The ability of PPI-Hotspot^ID to detect PPI-hot spots provides biologists with a useful tool, as alanine-scanning mutagenesis and protein-protein complex structure determination to identify PPI-hot spots are laborious, time-consuming, and costly. Conventional methods based on complex structures might miss nonobvious PPI-hot spots with no direct interactions with the protein’s partner. AlphaFold-multimer and future improved protein-protein complex prediction methods require knowledge of interacting partners and independent calculations for each known partner, which reduces the overall efficiency. Moreover, solved/modeled proteinprotein complex structures only reveal the interface residues. In contrast, PPI-Hotspot^ID can reveal nonobvious PPI-hot spots as well as potential PPI-hot spots for other protein partners, thus helping to elucidate the different PPI mechanisms.

Methods

Dataset. True PPI-hot spots.

We updated the PPI-Hotspot+PDB^BM benchmark by removing 2 fused protein structures and adding new PPI-hot spots by (i) reviewing references in ASEdb⁵⁵ to include nonalanine mutations with ΔΔG^bind > 2 kcal/mol, and (ii) checking the experimental data of certain mutations in UniProtKB.⁵⁸ For example, the PPI-Hotspot+PDB^BM benchmark included R43A in aprataxin (UniProtlD Q7Z2E3), annotated as “loss of interaction with MDC1”, but not K52A, annotated as “impairs interaction with MDC1”. However, when we checked the experimental data in the UniProtKB reference, the binding bands were absent for both R43A and K52A mutants, therefore we added K52A as a PPI-hot spot. The updated benchmark, termed PPI-Hotspot+PDB^BM(1.1)), contains 414 PPI-hot spots. Among these, 104 PPI-hot spots in 32 nonredundant proteins are based on mutations resulting in ΔΔG^bind ≥ 2 kcal/mol from ASEdb⁵⁵ and SKEMPI2.0⁵⁶ with no known mutations resulting in ΔΔG^bind < 0.5 kcal/mol. The remaining 310 PPI-hot spots in 128 nonredundant proteins are based on mutations that are manually curated in UniProtKB⁵⁸ to significantly impair/disrupt PPIs. Two of the proteins have PPI-hot spots from ASEdb/SKEMPI2.0 and UniProtKB, resulting in a total of 158 nonredundant proteins with free structures harboring 414 PPI-hot spots (Supplementary Tables S1 and S2).

True PPI-nonhot spots.

To obtain PPI-nonhot spots for the 158 nonredundant proteins with true PPI-hot spots, we identified residues from ASEdb⁵⁵ and SKEMPI2.0⁵⁶ databases where mutations to alanine/nonalanine resulted in protein ΔΔG^bind < 0.5 kcal/mol. We also identified residues in the UniProtKB where mutations to alanine/nonalanine were curated not to perturb PPIs. We manually checked each reference to ensure that mutations of these residues did not lead to ΔΔG^bind changes ≥ 0.5 kcal/mol or impact binding in immunoprecipitation or GST pull-down assays. PPI-nonhot spots in non-native proteins or regions with missing structures were excluded. Supplementary Table S1 lists the 504 PPI-nonhot spots found in 75 proteins with free structures.

Input features.

To distinguish PPI-hot spots from PPI-nonhot spots, we input sequence, structural, and stability features of each residue in the protein for training various machine learning classifiers. The input features for each residue i of a protein included its aa type, conservation score, secondary structure, SASA, gas-phase energy, and respective components, polar solvation free energy, and nonpolar solvation free energy. The secondary structure, SASA, and energy components of each residue were computed using the DSSP program,⁷⁰ FreeSasa⁷¹ and AmberTools version 20,⁷² respectively, using default parameters.

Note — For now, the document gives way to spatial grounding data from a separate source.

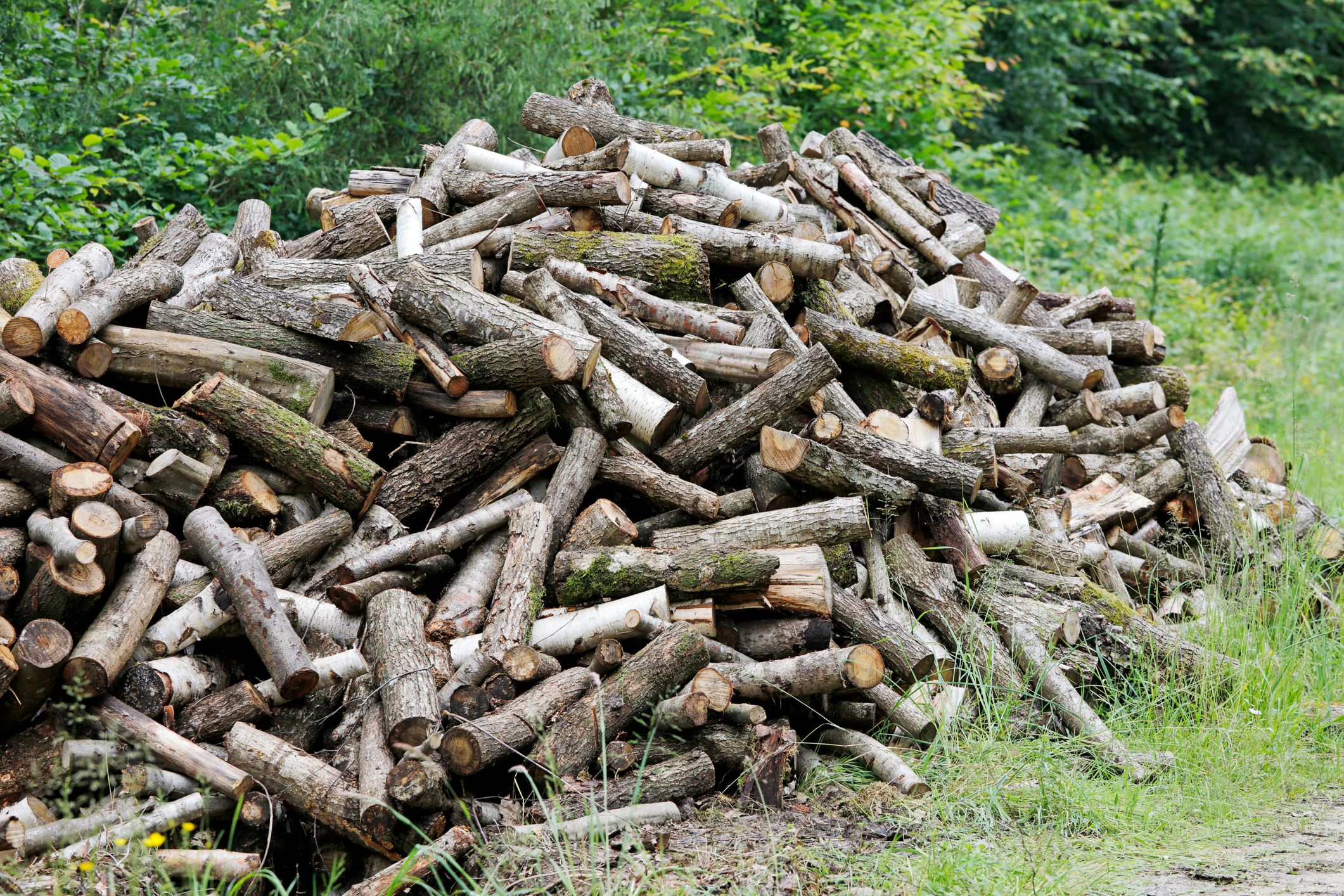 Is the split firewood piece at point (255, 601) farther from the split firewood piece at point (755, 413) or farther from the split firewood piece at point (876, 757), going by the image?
the split firewood piece at point (876, 757)

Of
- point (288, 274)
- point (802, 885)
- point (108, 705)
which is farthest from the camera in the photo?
point (288, 274)

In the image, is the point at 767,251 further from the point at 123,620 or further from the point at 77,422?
the point at 123,620

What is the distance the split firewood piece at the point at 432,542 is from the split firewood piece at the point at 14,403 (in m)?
1.33

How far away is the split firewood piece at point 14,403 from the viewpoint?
13.6 ft

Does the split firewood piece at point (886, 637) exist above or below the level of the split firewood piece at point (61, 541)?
below

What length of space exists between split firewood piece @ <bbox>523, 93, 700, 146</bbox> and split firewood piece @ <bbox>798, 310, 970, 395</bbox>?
2.25m

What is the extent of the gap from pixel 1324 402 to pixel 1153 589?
556cm

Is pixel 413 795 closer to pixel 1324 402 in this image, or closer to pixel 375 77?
pixel 375 77

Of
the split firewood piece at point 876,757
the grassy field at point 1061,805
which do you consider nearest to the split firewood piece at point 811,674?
the split firewood piece at point 876,757

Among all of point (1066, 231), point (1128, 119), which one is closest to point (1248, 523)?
point (1066, 231)

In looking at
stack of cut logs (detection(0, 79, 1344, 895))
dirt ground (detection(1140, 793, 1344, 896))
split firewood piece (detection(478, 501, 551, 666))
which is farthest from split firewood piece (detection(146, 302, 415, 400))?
dirt ground (detection(1140, 793, 1344, 896))

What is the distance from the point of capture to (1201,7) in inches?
819

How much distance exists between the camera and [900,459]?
4973 mm

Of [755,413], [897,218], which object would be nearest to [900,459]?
[755,413]
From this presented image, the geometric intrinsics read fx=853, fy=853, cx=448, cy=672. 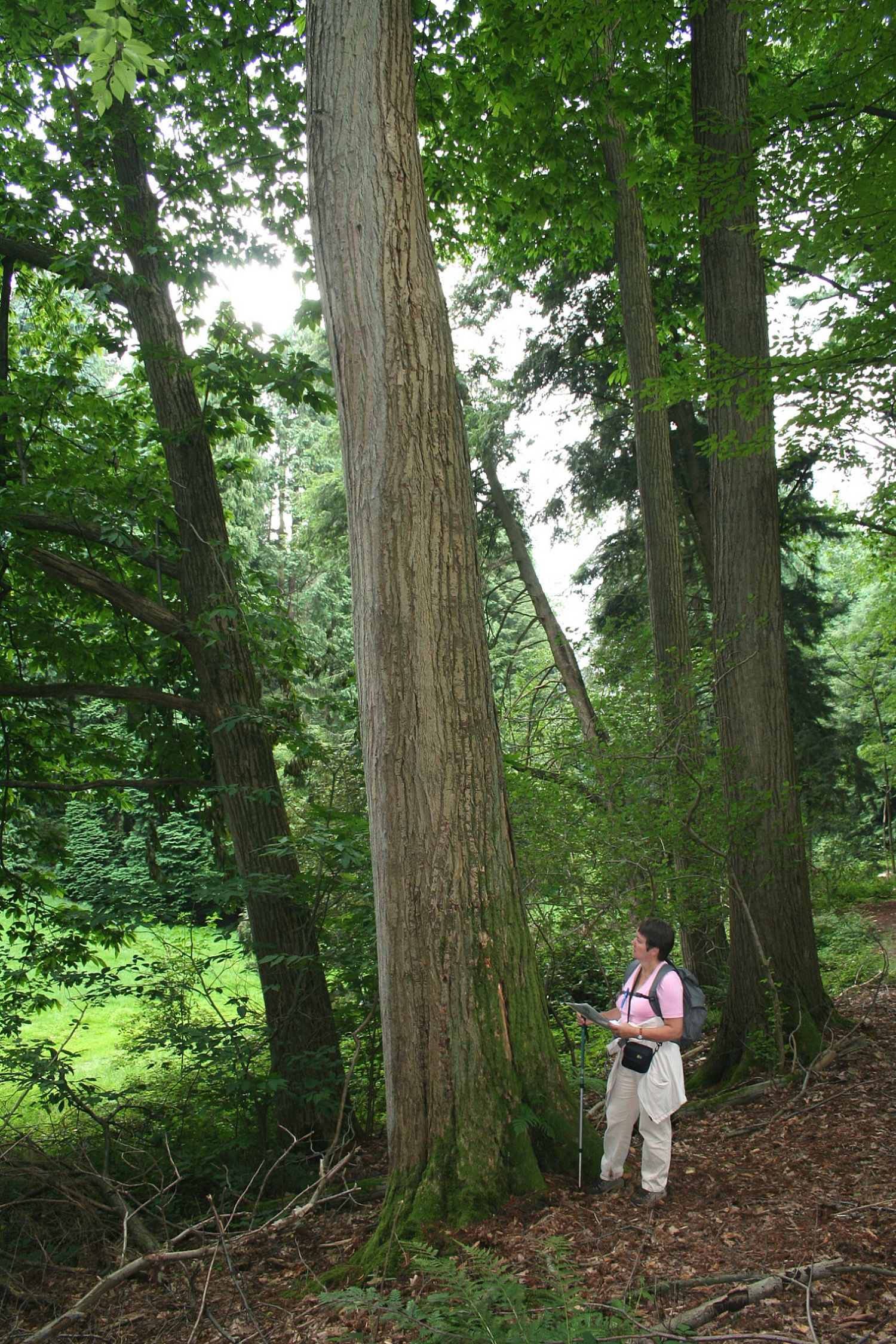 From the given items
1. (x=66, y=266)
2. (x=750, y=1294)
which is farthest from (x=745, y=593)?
(x=66, y=266)

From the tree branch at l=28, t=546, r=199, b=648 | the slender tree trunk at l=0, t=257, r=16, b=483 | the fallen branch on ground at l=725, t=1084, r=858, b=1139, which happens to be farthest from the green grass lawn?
the slender tree trunk at l=0, t=257, r=16, b=483

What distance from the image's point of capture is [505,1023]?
3713 millimetres

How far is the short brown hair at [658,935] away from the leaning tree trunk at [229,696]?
91.7 inches

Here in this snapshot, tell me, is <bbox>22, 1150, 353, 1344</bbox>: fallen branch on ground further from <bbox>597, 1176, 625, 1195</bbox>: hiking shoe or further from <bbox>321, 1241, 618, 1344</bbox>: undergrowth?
<bbox>597, 1176, 625, 1195</bbox>: hiking shoe

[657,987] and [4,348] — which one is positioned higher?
[4,348]

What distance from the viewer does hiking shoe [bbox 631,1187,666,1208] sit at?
12.4ft

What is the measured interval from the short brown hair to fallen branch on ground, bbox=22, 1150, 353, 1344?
1.71 metres

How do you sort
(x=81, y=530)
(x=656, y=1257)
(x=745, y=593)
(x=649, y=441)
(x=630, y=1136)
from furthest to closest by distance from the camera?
(x=649, y=441) < (x=81, y=530) < (x=745, y=593) < (x=630, y=1136) < (x=656, y=1257)

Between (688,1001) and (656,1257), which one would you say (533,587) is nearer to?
(688,1001)

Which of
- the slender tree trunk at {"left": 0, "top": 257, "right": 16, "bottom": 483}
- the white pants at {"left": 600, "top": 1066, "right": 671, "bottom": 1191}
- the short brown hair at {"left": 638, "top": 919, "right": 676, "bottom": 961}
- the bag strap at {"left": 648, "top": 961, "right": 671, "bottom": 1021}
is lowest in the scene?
the white pants at {"left": 600, "top": 1066, "right": 671, "bottom": 1191}

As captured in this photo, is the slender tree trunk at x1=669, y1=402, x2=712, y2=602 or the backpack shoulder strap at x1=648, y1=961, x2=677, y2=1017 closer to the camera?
the backpack shoulder strap at x1=648, y1=961, x2=677, y2=1017

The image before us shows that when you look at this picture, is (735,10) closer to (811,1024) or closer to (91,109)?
(91,109)

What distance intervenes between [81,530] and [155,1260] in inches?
204

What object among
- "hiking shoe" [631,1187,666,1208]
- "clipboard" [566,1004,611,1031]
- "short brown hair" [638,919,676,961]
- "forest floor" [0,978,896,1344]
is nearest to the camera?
"forest floor" [0,978,896,1344] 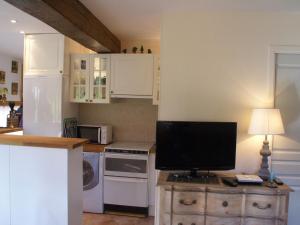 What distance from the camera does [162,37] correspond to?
2.61 meters

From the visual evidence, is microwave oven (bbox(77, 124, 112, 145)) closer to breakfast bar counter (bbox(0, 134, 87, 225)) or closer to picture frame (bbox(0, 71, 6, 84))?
breakfast bar counter (bbox(0, 134, 87, 225))

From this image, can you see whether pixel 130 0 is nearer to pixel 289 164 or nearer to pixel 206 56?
pixel 206 56

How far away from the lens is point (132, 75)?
3.49m

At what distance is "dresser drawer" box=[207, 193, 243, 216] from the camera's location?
7.13ft

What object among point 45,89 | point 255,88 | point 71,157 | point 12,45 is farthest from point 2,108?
point 255,88

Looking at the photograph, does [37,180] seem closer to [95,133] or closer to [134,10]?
[95,133]

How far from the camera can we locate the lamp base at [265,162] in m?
2.39

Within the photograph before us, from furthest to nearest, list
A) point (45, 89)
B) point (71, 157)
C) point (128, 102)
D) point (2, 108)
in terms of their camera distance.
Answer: point (2, 108) < point (128, 102) < point (45, 89) < point (71, 157)

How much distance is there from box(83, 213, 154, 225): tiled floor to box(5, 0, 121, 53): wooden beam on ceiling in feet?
7.07

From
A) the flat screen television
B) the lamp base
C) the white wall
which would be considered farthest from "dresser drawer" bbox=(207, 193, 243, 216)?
the white wall

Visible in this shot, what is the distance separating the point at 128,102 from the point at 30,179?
2030 millimetres

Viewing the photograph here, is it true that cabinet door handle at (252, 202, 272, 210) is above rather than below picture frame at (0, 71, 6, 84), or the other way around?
below

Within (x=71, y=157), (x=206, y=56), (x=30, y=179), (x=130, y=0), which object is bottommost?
(x=30, y=179)

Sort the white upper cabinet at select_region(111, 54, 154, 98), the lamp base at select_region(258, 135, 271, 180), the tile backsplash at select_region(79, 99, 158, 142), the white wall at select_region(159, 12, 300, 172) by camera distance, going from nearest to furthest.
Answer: the lamp base at select_region(258, 135, 271, 180) → the white wall at select_region(159, 12, 300, 172) → the white upper cabinet at select_region(111, 54, 154, 98) → the tile backsplash at select_region(79, 99, 158, 142) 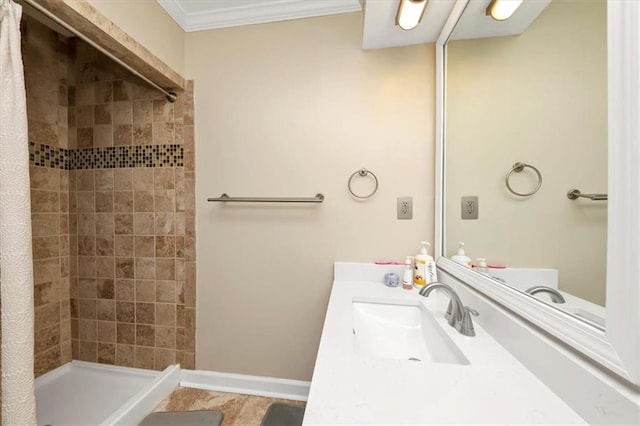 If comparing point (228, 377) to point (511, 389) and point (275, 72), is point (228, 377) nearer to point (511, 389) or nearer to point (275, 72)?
point (511, 389)

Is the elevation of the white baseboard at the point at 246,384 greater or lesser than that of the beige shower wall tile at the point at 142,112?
lesser

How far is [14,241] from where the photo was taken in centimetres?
83

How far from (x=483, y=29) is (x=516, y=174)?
0.66 metres

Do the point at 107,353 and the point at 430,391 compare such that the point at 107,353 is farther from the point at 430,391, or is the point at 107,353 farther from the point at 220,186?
the point at 430,391

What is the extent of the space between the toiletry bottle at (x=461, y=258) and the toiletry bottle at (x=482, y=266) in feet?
0.18

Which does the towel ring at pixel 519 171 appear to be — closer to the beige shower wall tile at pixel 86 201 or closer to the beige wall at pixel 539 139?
the beige wall at pixel 539 139

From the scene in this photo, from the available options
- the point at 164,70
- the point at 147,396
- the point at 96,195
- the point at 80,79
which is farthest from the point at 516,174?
the point at 80,79

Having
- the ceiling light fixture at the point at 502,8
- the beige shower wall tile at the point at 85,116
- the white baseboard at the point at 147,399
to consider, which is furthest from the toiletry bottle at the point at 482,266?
the beige shower wall tile at the point at 85,116

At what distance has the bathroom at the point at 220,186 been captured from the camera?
140 cm

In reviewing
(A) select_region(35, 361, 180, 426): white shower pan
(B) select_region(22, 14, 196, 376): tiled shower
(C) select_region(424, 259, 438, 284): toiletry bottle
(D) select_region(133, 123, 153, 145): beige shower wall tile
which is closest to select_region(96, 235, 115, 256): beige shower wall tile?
(B) select_region(22, 14, 196, 376): tiled shower

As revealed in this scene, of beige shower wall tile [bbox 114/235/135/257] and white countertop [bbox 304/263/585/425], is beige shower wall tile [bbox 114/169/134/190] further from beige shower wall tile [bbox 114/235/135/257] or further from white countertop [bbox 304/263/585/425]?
white countertop [bbox 304/263/585/425]

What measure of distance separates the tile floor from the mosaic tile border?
1.40 metres

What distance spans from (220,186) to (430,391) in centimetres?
143

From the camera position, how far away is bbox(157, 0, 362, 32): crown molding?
4.59ft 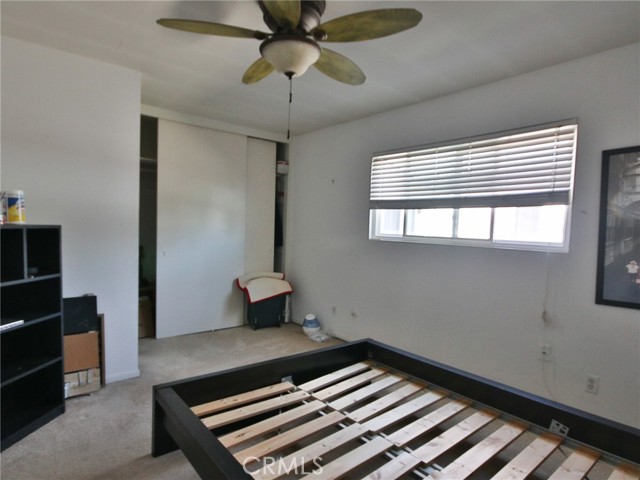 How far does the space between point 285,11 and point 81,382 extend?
282 centimetres

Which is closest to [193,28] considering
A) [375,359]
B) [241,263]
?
[375,359]

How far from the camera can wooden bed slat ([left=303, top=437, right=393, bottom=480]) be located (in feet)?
4.13

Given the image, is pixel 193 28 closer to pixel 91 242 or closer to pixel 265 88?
pixel 265 88

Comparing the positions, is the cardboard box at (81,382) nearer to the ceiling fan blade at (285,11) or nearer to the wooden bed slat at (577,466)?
the ceiling fan blade at (285,11)

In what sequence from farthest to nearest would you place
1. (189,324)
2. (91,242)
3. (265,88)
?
(189,324) → (265,88) → (91,242)

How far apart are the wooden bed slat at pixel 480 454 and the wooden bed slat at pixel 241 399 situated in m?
0.90

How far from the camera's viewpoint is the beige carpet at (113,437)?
1760 millimetres

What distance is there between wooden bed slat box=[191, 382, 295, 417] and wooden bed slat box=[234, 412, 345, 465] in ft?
0.85

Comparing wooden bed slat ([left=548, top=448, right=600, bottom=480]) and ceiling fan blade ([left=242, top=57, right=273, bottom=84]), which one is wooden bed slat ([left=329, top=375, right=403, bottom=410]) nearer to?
wooden bed slat ([left=548, top=448, right=600, bottom=480])

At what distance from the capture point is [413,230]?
344 centimetres

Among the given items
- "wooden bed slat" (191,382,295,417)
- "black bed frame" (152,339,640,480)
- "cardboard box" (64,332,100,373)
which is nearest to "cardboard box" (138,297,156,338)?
"cardboard box" (64,332,100,373)

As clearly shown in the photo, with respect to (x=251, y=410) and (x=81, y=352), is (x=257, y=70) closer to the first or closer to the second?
(x=251, y=410)

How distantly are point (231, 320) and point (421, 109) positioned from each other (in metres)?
3.30

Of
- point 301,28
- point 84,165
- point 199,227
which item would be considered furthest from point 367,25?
point 199,227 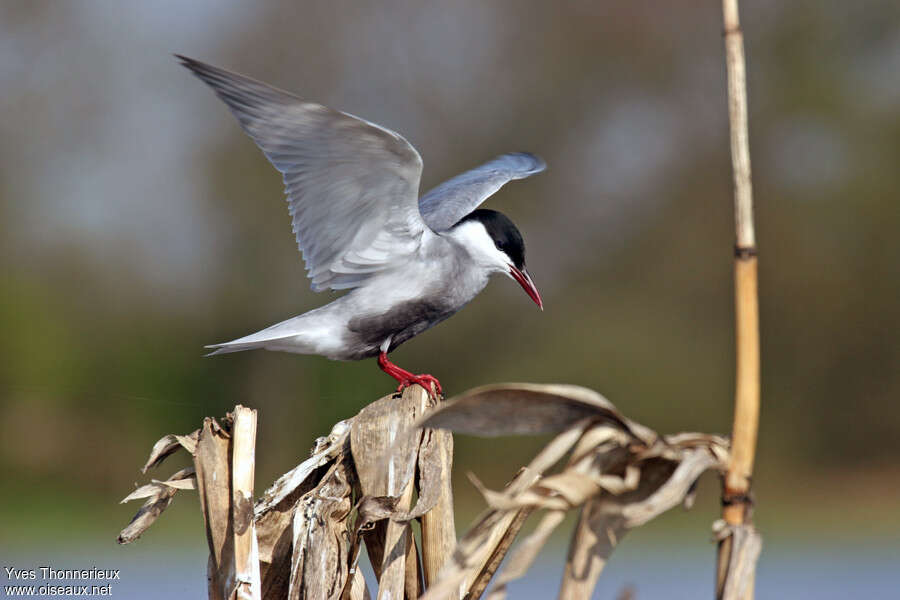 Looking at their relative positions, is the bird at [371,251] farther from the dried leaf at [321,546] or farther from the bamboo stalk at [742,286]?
the bamboo stalk at [742,286]

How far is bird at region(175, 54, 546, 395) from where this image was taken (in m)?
2.51

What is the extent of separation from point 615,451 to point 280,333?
1.91 meters

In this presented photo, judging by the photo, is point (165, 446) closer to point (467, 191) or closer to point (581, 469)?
point (581, 469)

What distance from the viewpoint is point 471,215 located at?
2947 millimetres

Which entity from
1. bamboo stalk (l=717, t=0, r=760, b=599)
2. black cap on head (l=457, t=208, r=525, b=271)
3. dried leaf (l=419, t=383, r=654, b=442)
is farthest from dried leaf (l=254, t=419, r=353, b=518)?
black cap on head (l=457, t=208, r=525, b=271)

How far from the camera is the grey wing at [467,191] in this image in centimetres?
316

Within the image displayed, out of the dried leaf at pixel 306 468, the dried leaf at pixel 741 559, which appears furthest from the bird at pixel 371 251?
the dried leaf at pixel 741 559

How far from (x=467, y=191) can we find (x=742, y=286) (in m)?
2.52

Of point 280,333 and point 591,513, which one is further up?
point 280,333

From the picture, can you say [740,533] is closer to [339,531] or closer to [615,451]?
[615,451]

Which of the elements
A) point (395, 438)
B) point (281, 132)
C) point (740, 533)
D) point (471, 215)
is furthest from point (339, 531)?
point (471, 215)

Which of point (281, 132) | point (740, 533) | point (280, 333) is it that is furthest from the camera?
point (280, 333)

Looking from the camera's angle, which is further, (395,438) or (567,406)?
(395,438)

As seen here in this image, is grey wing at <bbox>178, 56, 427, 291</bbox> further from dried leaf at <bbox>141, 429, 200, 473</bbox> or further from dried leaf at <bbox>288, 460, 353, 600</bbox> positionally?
dried leaf at <bbox>288, 460, 353, 600</bbox> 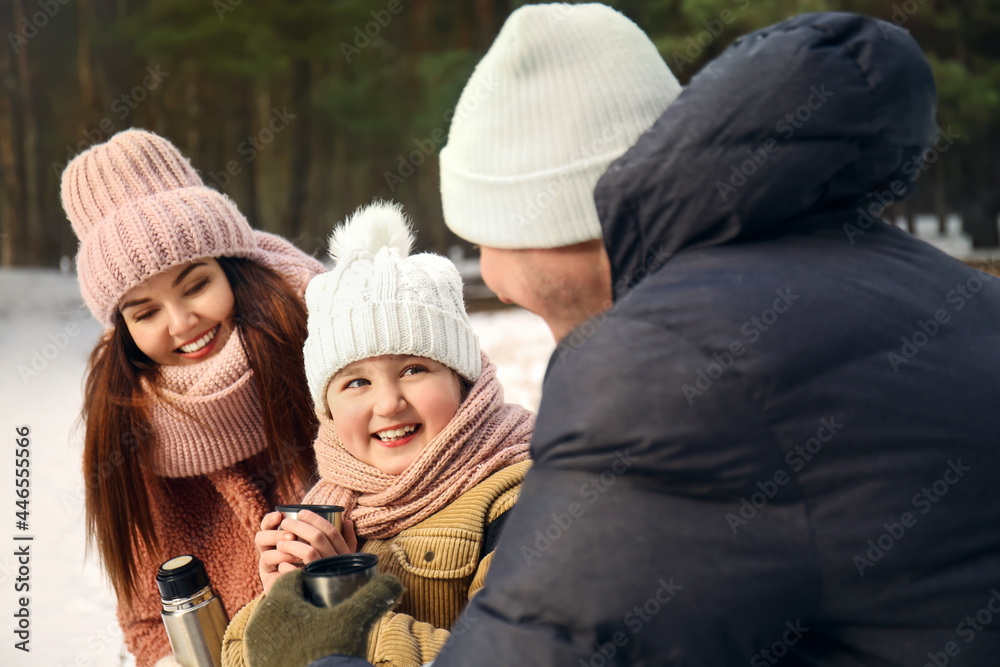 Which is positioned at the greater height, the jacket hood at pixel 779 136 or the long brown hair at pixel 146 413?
the jacket hood at pixel 779 136

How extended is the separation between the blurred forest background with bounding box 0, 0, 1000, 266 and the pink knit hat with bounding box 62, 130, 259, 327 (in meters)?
5.51

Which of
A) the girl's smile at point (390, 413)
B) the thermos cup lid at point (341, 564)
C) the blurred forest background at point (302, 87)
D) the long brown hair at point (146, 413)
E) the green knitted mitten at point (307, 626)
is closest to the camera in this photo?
the green knitted mitten at point (307, 626)

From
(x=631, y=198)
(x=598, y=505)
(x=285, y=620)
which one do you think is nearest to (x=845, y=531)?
(x=598, y=505)

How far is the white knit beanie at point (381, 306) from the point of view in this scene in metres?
1.84

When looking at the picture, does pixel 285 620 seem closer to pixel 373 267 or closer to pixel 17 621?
pixel 373 267

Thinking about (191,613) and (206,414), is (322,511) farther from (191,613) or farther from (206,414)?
(206,414)

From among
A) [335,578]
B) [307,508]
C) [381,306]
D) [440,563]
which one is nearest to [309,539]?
[307,508]

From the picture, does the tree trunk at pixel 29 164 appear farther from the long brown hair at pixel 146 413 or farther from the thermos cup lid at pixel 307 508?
the thermos cup lid at pixel 307 508

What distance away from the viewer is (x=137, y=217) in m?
2.24

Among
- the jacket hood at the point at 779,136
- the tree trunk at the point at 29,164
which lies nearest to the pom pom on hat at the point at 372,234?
the jacket hood at the point at 779,136

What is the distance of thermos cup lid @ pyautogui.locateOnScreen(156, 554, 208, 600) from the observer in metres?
1.75

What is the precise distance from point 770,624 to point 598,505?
0.69 feet

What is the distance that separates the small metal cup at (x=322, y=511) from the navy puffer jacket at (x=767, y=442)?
0.75m

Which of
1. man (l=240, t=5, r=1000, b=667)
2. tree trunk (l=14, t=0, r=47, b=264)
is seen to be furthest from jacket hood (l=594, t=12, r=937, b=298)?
tree trunk (l=14, t=0, r=47, b=264)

Per-Residue Free Energy Contributions.

For a given free protein structure, the Reduce program⁷³ was used to add hydrogens and assign the protonation states of ionizable residues. Additional missing heavy and hydrogen atoms were added using the AmberTools version 20⁷² and the Amber FF19SB forcefield.⁷⁴ To eliminate any steric clashes, we performed a conjugate gradients minimization with constraints on the heavy atoms using the Generalized Born model for 500 steps. The resulting structure was used to compute the per-residue energy/free energy contributions using the MMPBSA (Molecular Mechanics Poisson-Boltzmann Surface Area) module in AmberTools.⁷² For each residue i in the protein, we computed the (i) molecular mechanics energy , where includes contributions from bonded terms, is the vdW interaction energy, and is the electrostatic interaction energy as well as (ii) the polar () and nonpolar () solvation free energies relative to the corresponding values of residue i in an extended reference state where the residues do not interact with one another.⁷⁵

Per-Residue Conservation Score.

To calculate the conservation score, , of residue i in a protein, we implemented a method similar to ConSurf^76,77 to run in parallel with the energy evaluation code. First, we searched the UNIREF-90 database⁷⁸ using HMMER⁷⁹ to find sequences similar to the target sequence. Near-duplicates were removed by clustering matched sequences with ≥95% pairwise sequence identity using CD-hit⁸⁰ and keeping only one representative. Since HMMER⁷⁹ may only find good matches for a small proportion of the target sequence, we compared the HMMER sequences with the target sequence. We kept only those with > 60% overlap with the target sequence, and discarded sequences that were dissimilar (≤ 35% sequence identity) or nearly identical (≥ 95% sequence identity). Next, we pairwise aligned the remaining sequences, and if two sequences overlapped by > 10% of the sequence, we rejected the shorter sequence. After this filtering process, the resulting HMMER hits were used or if the number of hits exceeded 300, we selected the top 300 hits. These sequences were then aligned to the target sequence using MAFFT-LINSi.⁸¹ We then used the Rate4Site program⁸² to compute position-specific evolutionary rates from the generated multiple sequence alignment. These rates were normalized and grouped into ConSurf grades ranging from 1 to 9, where k^C = 1 represents the most rapidly evolving residues, and k^C = 9 indicates the most conserved residues.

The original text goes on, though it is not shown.